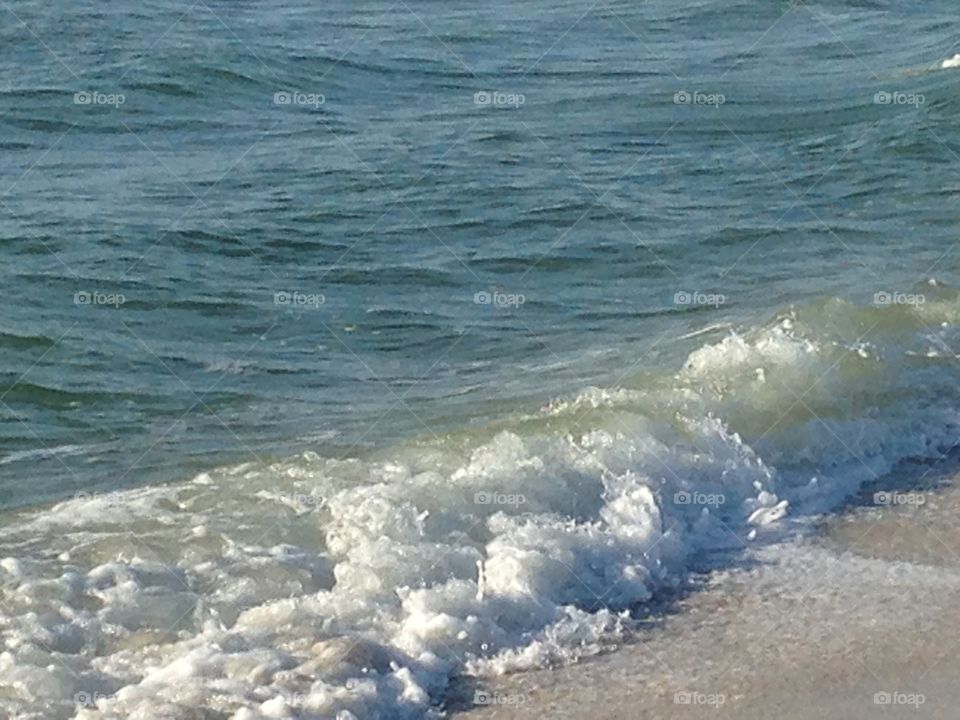 Waves beach ocean sand outside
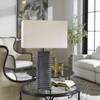 Sanderson Metallic Charcoal Table Lamp, by Uttermost, 16" width x 26.5" height x 10" depth thumbnail 2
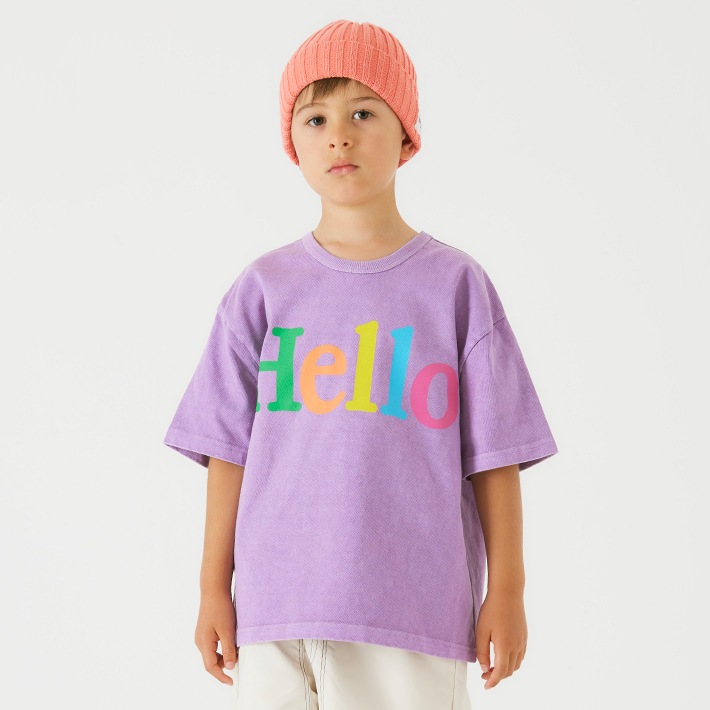 Smoothy Hello Code Brand(ブランド),SMOOTHY,24SS COLLECTION | ★SMOOTHY USAコットンHELLO TEE 31cs-02 ...
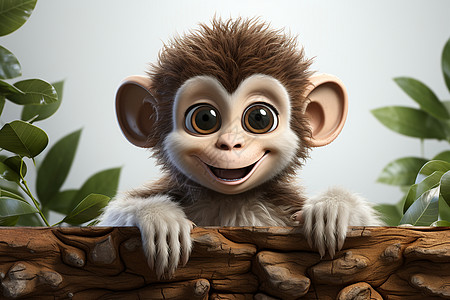 真实开心的猴子图片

- EXERCISE INSTRUCTIONS:
With the pictures removed, return the data above word for word.

- THE COMPLETED TASK:
 Waves beach ocean sand outside
 Sanderson Metallic Charcoal Table Lamp, by Uttermost, 16" width x 26.5" height x 10" depth thumbnail 2
 Smoothy Hello Code Brand(ブランド),SMOOTHY,24SS COLLECTION | ★SMOOTHY USAコットンHELLO TEE 31cs-02 ...
 真实开心的猴子图片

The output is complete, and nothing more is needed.